As the Government’s forecast for farm business income for the year to February 2024 confirms, the decline in arable farmers’ economic fortunes over the past year must be one of the most dramatic reversals any of us can remember. The figures show a 77% average decline in income per farm from £150,000 to £34,000.
Almost exactly two years ago feed wheat prices peaked at £340 per tonne and oilseed rape at £930 per tonne. These two crops form the core profitability on most arable farms, so the financial impact of their decline in value, to £150 per tonne for wheat and £330 per tonne for rape, cannot be overstated.
A collapse in arable commodity prices is one thing, but when that is combined with the surge in the cost of production seen in the past two years, it magnifies the problem hugely. Farm business data company Yargo has found that variable costs of producing wheat in 2023 increased significantly, with the costs of fertiliser and fungicides in particular rising steeply.
Predictably, then, the forecasts from business consultants Andersons for their ‘typical’ model 600-hectare, 40% owned, ‘Loam Farm’ are extremely gloomy. They show a margin from production of £153 per hectare in 2023 (down 59% on 2022), with that due to drop to £18 per hectare in 2024 (down a further 88% on 2023).
Many hope that the Sustainable Farming Initiative (SFI) will come to their rescue. But, as a friend who grows 400 hectares of cereals and has just signed up said recently: “It will pay us £16,000 a year, which is not much compensation for the withdrawal of the Basic Payment Scheme.”
And that, of course, is the third element of this perfect storm that is decimating arable incomes: the phasing out by 2027 of the old EU BPS subsidy. Even before the recent decline in arable commodity prices and the rise in our production costs, only one in ten UK arable farms was profitable without BPS, so just where we are headed if current trends continue doesn’t bear thinking about.

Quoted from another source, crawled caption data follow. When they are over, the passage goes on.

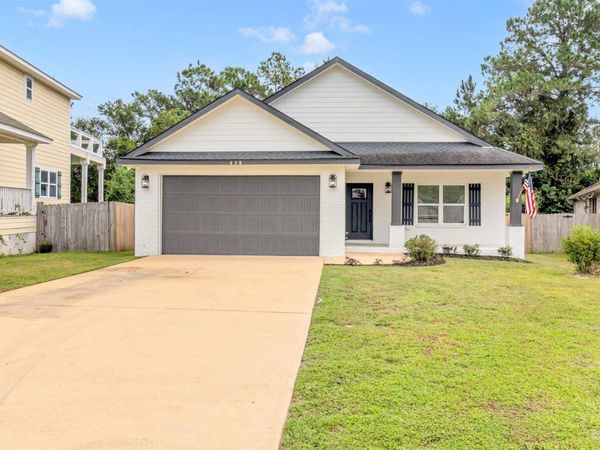 638 Wild Heron Way, Pensacola, FL 32506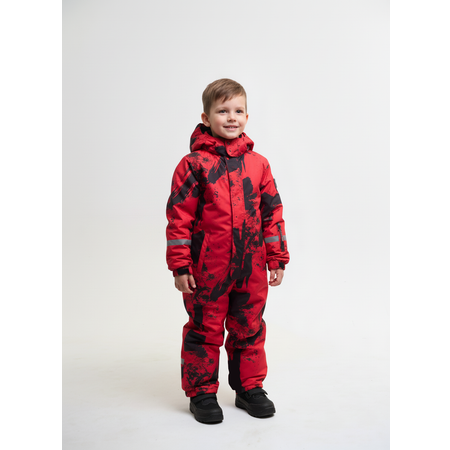 Комбинезон Saimaa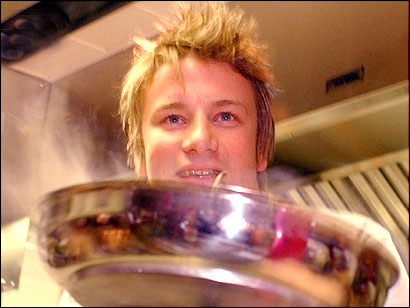 jamieoliver.jpg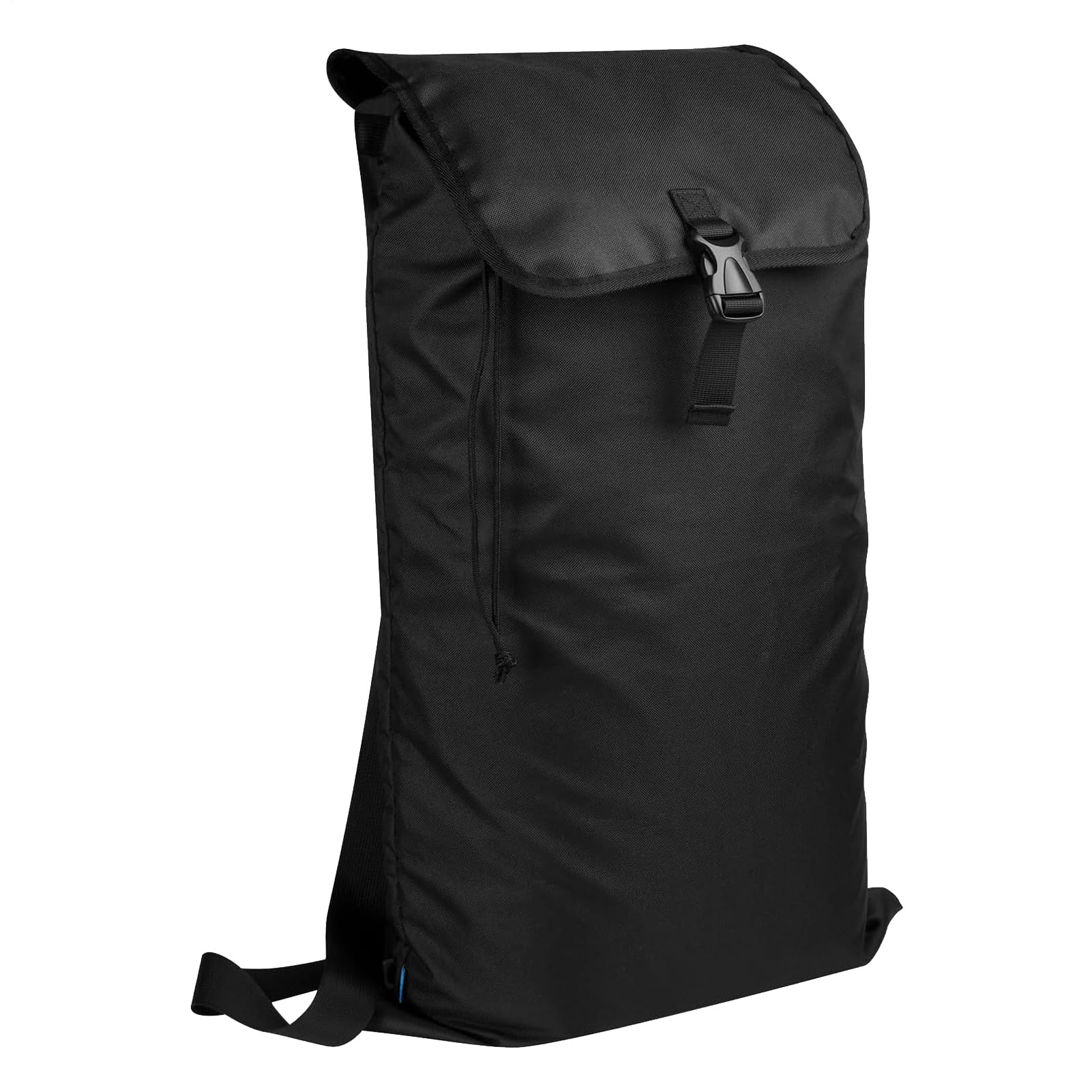 Housse de rangement pour sac de couchage pliable et portable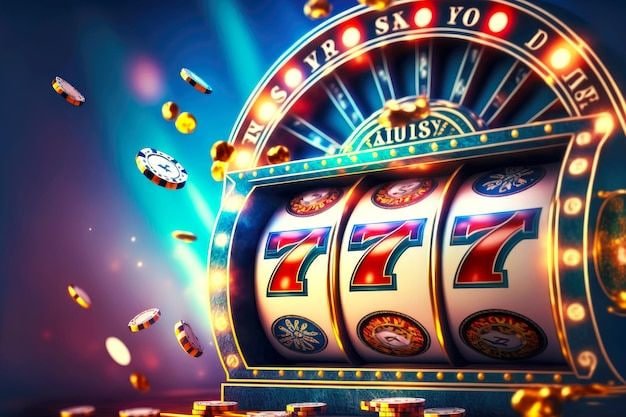 মোবাইল স্ক্রিনে bet 1333 গেম লবি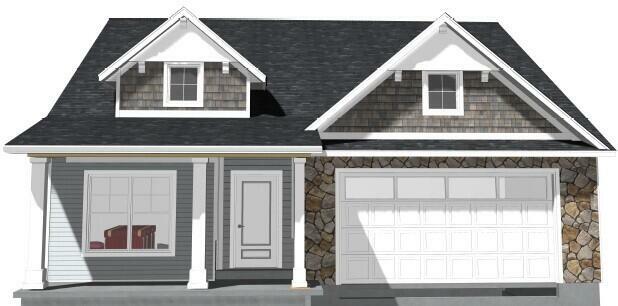 7701 Fase Street Lot 15  Ada MI 49301-4930 photo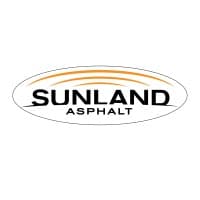Sunland Asphalt & Construction, Llc logo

One course of action is that we all get fed up with our losses and pile into some of the more attractive options under the recently revamped Environmental Land Management scheme (ELMS). Fifty new ELMS actions were announced this year and perhaps many farmers will be tempted, for example, to plant a nectar flower mix paying £739 per hectare. Similarly, if wheat prices don’t improve, the option to raise water levels in arable peat soils to near the land surface for £1,381 per hectare might be hard to resist.

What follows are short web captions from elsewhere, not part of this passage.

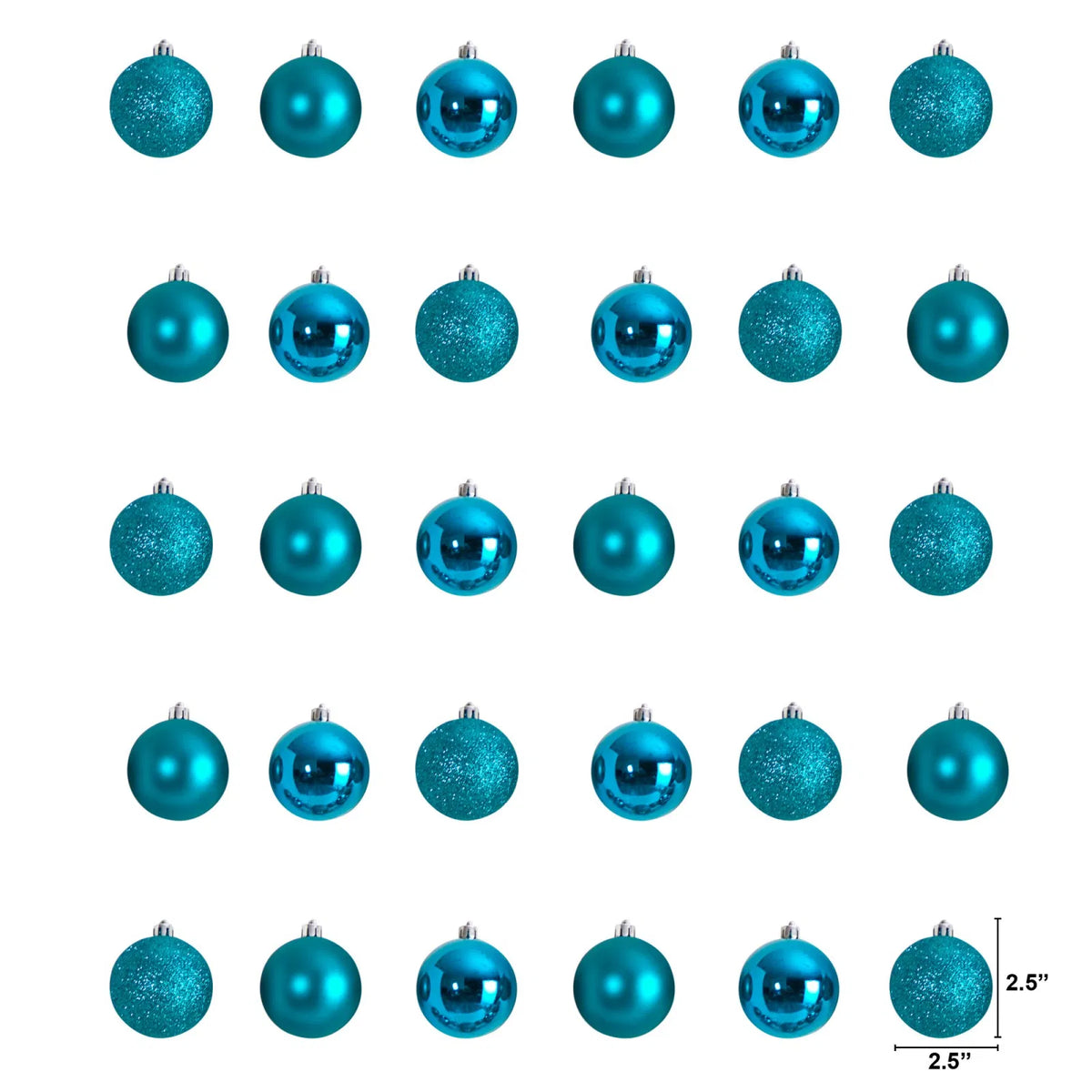 60ccd2a7b5b81c4d60ea121b3190ef60
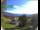 Webcam in Langenegg, 8.5 km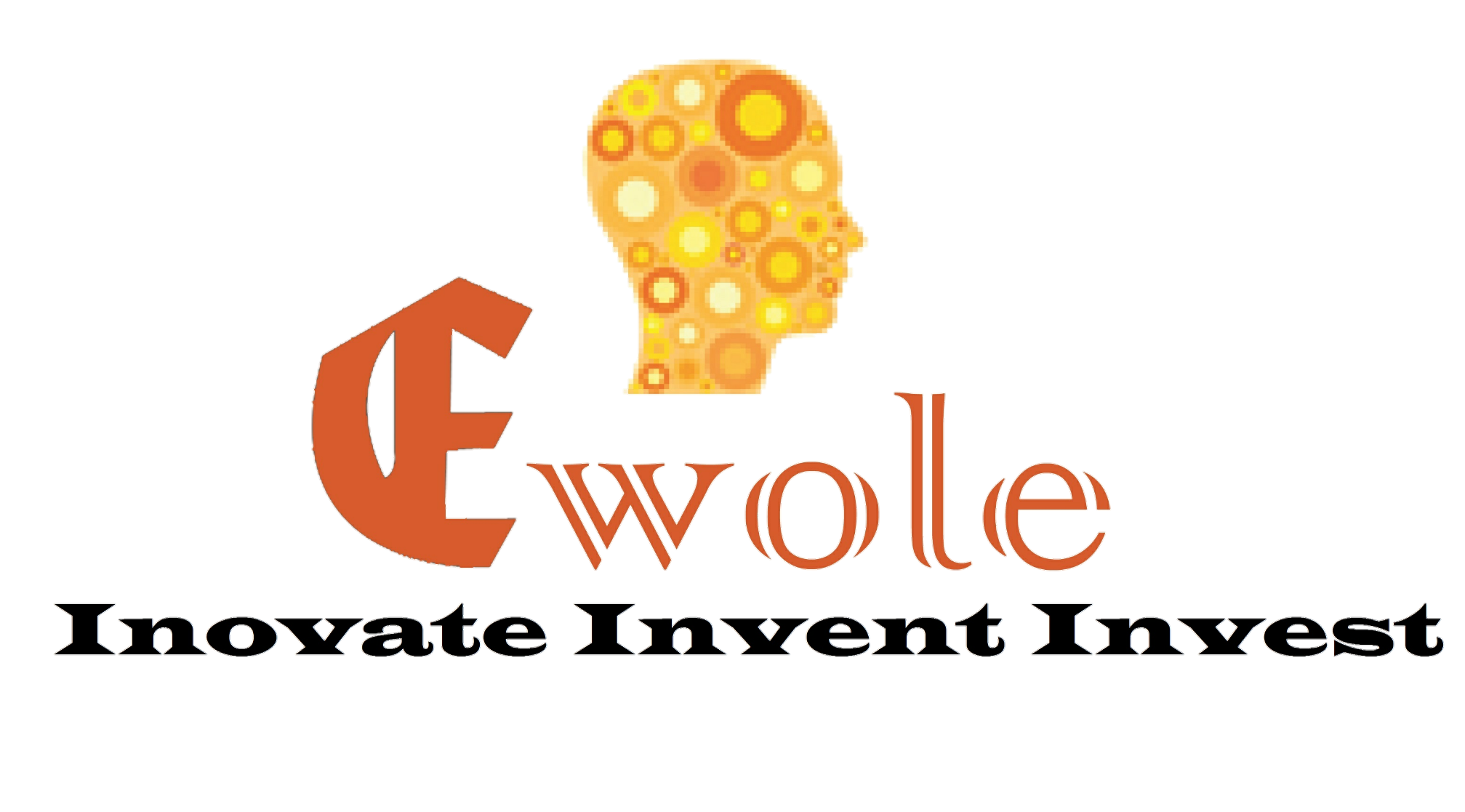 Parenting –  children are the grapes of your vineyard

Even if farms do see ELMS as a financial saviour, the Government has made it clear that, should UK grain production levels come under threat due to large-scale uptake, they will withdraw or ration ELMS participation.
Like it or not, it seems that most of us will have to continue with our arable crop production. Which reminds me of a 20-hectare block I’ve still got to sow to spring beans. Thanks to all the rain, the field looks like I’ve taken an ELMS payment to raise water levels to near (or even above) the land surface. Unfortunately, I’m not being paid £1,381 per hectare, but perhaps by next year I’ll have signed up.